Cedric Lam was co-founder of Google Fiber which changed the landscape of broadband access networks in North America with the introduction of nationwide Gigabit FTTH networks. Cedric has experience both in product development and in engineering service provider networks. He started his career with AT&T and later joined Opvista, a startup company building high-capacity optical transport equipment, as chief system architect. After Opvista, he joined Google to work on datacenter networks before embarking the effort on Google Fiber, where he was Engineering Director, leading the Architecture and Device Engineering team. He is now Principal Engineer in Google’s Technical Infrastructure team, leading the development of datacenter network architectures and the development of network generation optical interconnects for datacenter networks. Cedric is a member of the CORD Technical Steering Team, and Fellow of Optica. He also edited the first textbook in PON: Passive Optical Networks, Principles and Practice, Academic Press, 2007.
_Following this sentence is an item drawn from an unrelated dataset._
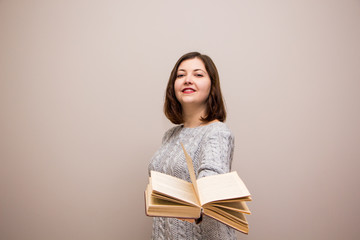 Portrait of young brunette woman with book in her hand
Shuang Yin is a staff hardware engineer at Google, working on optical technologies for machine learning applications. Prior to this, he was a senior hardware engineer at Google Fiber, where he was involved in developing next generation fiber access technologies and the metro transport network architecture for Fiber-to-the-Home networks. Shuang’s research covers optical access network architectures, advanced modulation formats, and digital signal processing in high-speed optical communication systems. He received M.S. and Ph.D. degrees in Electrical Engineering from Stanford University.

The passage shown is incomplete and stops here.